Although there was support for pydantic validation in v0, now that the v1 SDK has arrived, I would definitely say that the #1 distinguishing feature (at least from a dx perspective) for anyone thinking of switching from Celery or working on a greenfield project is the type safety that comes with the first class pydantic support in v1. That is a huge boon in my opinion.

Another big boon for me was that the combo of both Python and Typescript SDKs - being able to integrate things into frontend demos without having to set up a separate Python api is great.

There are a couple rough edges around asyncio/single worker concurrency IMO - for instance, choosing between 100 workers each with capacity for 8 concurrent task runs vs 800 workers each with capacity for 1 concurrent task run. In Celery it’s a little bit easier to launch a worker node which uses separate processes to handle its concurrent tasks, whereas right now with Hatchet, that’s not possible as far as I am aware, due to how asyncio is used to handle the concurrent task runs which a single worker may be processing.

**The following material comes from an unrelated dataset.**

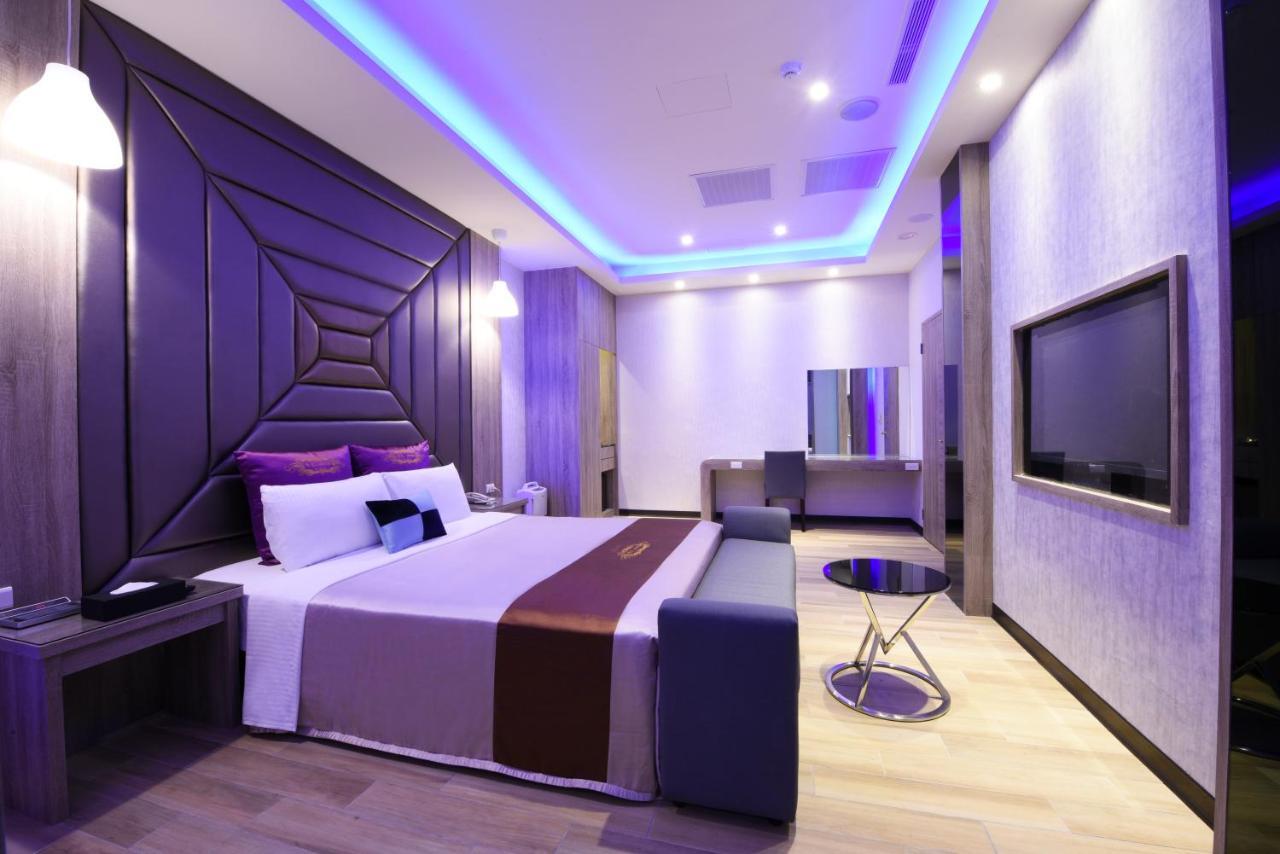 Purple Rainbow Motel Taipei Luaran gambar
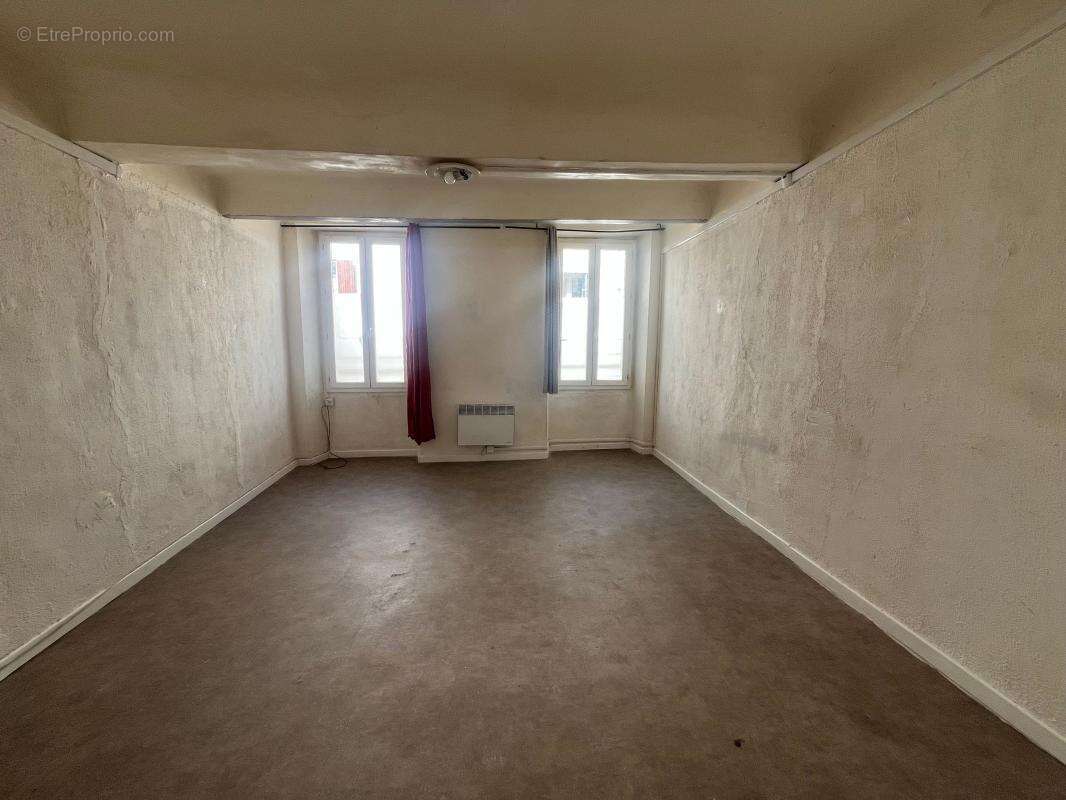Appartement à SOLLIES-PONT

If most of your work is IO bound or already asyncio friendly, this does not really affect you and you can safely use eg a worker with 8x task run capacity, but if you are CPU bound there might be some cases where you would prefer the full process isolation and feel more assured that you are maximally utilizing all your compute in a given node, and right now the best way to do that is only through horizontal scaling or 1x task workers I think. Generally, if you do not have a great mental model already of how Python handles asyncio, threads, pools, etc, the right way to think about this stuff can be a little confusing IMO, but the docs on this from Hatchet have improved. In the future though, I’d love to see an option to launch a Python worker with capacity for multiple simultaneous task runs in separate processes, even if it’s just a thin wrapper around launching separate workers under the hood.

There are also a couple of rough edges in the dashboard right now, but the team has been fixing them, and coming from celery/flower or SQS, it’s already such an improved dashboard/monitoring experience that I can’t complain!

It’s hard to describe, but there is just something fun about working with Hatchet for me, compared to Celery or my previous SQS system. Almost all of the design decision just align with what I would desire, and feel natural.